■ WHAT TO WORK ON ■
A faithful copy of all the entries is required, with no pictures in it.
━━━━━━
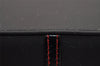 Authentic Christian Dior Vintage Hand Bag Purse Nylon Enamel Black CD 2219I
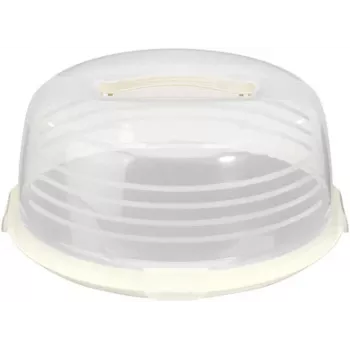 CURVER Apvali pyragų transportavimo dėžė Ø34,7x15,6 cm Kreminė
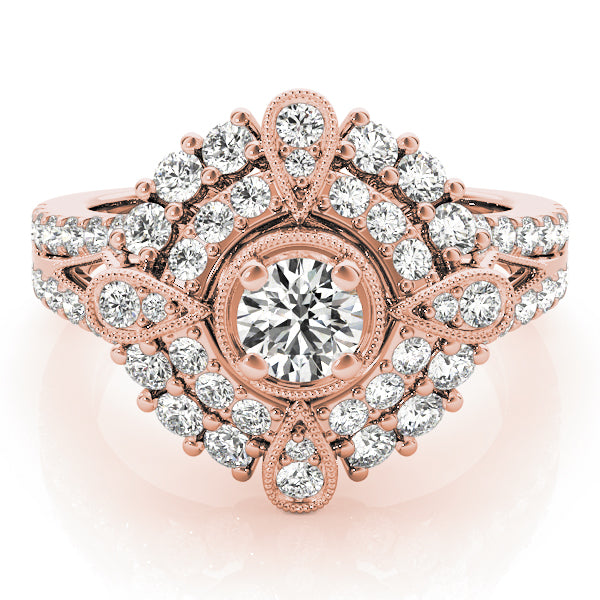 Round Diamond Engagement Ring · 0.75 ct tw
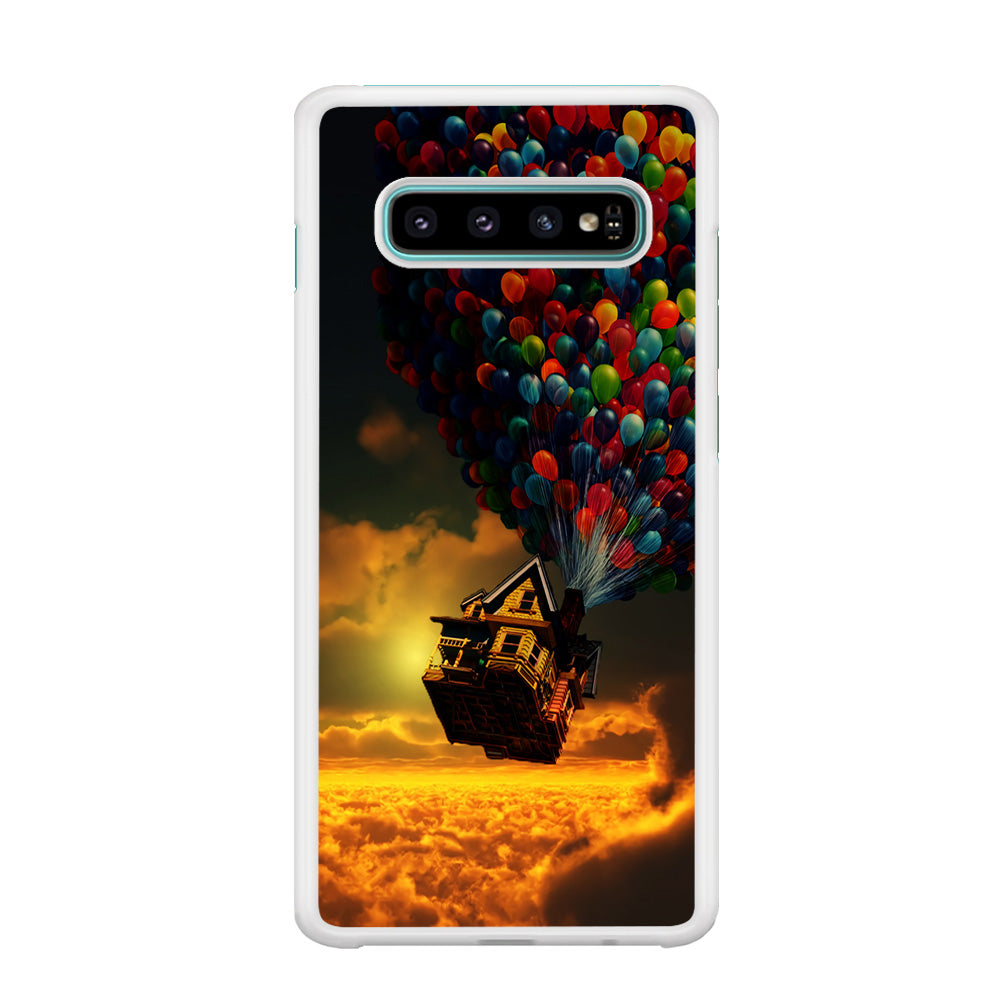 UP Flying House Sunset Samsung Galaxy S10 Case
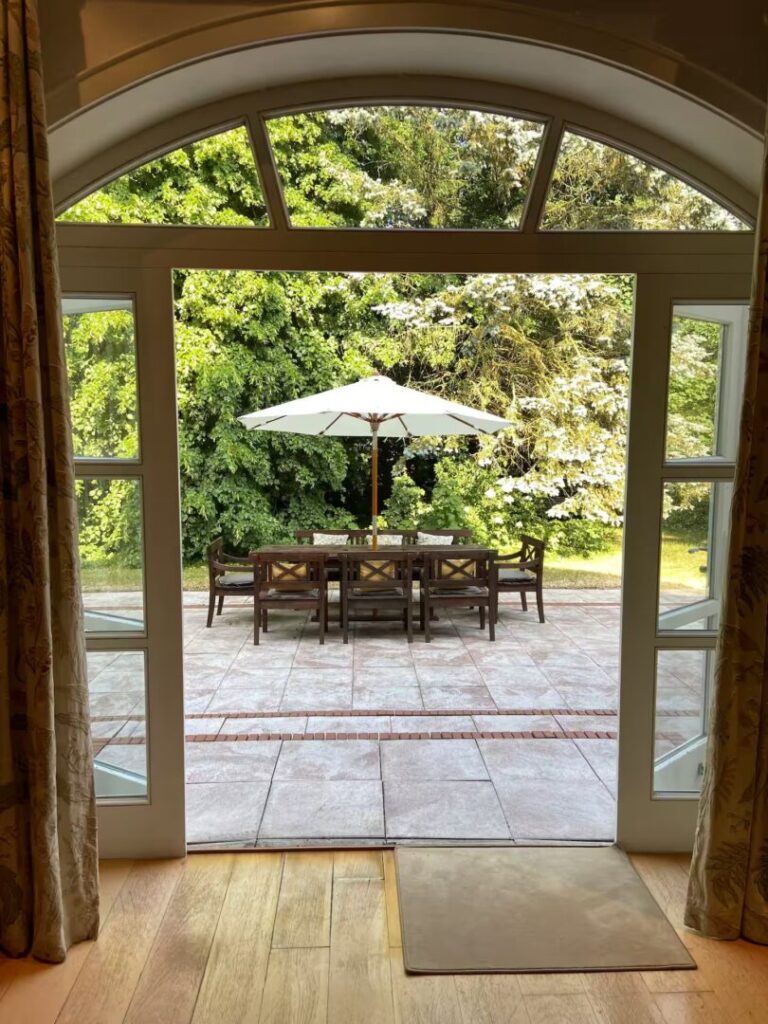 Blick vom Wohnzimmer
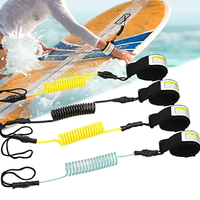 Laisse de surf en PVC écologique de haute qualité de 3 m avec attache rapide pour aile de kitesurf et planche de paddle SUP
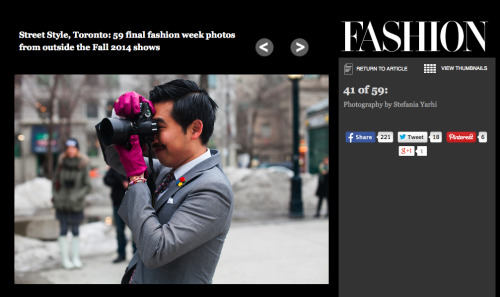 thekoreanbarber:  Self… on Fashion Magazine http://www.fashionmagazine.com/fashion/at-the-shows/2014/03/21/street-style-toronto-fashion-week-fall-2014-5/slide/street-style-toronto-fashion-week-36/ 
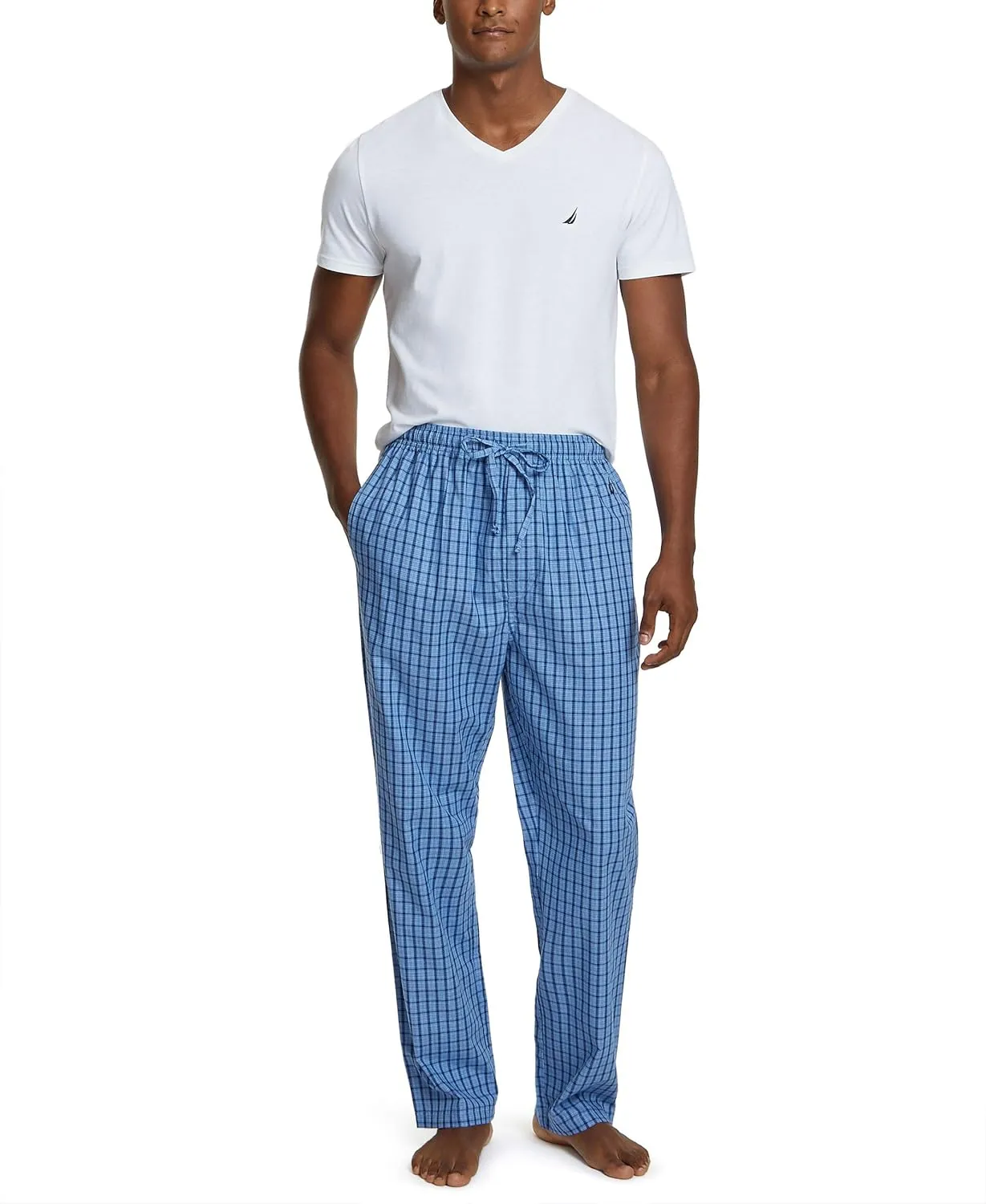 Nautica Men's Soft Woven 100% Cotton Elastic Waistband Sleep Pajama Pant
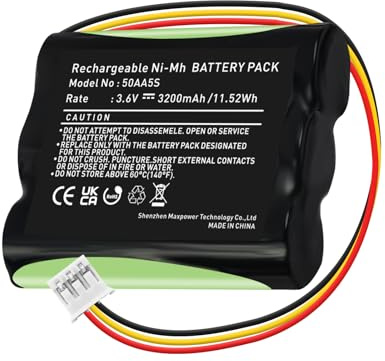 Battery for TonieBox 3200 mAh NiMH 50AA5S Replacement Battery with High Capacity for TonieBox, Musicbox, Soundbox, Speaker Boxes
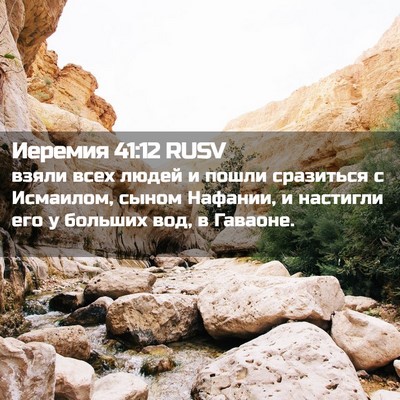 Picture 02 - Иеремия 41:12 RUSV - взяли всех людей и пошли - Bible Verse Picture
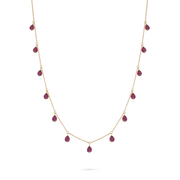 Ruby Multi-Stone Pear Necklace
━━━━━━
■ SOLUTION ■
 Authentic Christian Dior Vintage Hand Bag Purse Nylon Enamel Black CD 2219I
 CURVER Apvali pyragų transportavimo dėžė Ø34,7x15,6 cm Kreminė
 Round Diamond Engagement Ring · 0.75 ct tw
 UP Flying House Sunset Samsung Galaxy S10 Case
 Blick vom Wohnzimmer
 Laisse de surf en PVC écologique de haute qualité de 3 m avec attache rapide pour aile de kitesurf et planche de paddle SUP
 thekoreanbarber:  Self… on Fashion Magazine http://www.fashionmagazine.com/fashion/at-the-shows/2014/03/21/street-style-toronto-fashion-week-fall-2014-5/slide/street-style-toronto-fashion-week-36/ 
 Nautica Men's Soft Woven 100% Cotton Elastic Waistband Sleep Pajama Pant
 Battery for TonieBox 3200 mAh NiMH 50AA5S Replacement Battery with High Capacity for TonieBox, Musicbox, Soundbox, Speaker Boxes
 Picture 02 - Иеремия 41:12 RUSV - взяли всех людей и пошли - Bible Verse Picture
 Ruby Multi-Stone Pear Necklace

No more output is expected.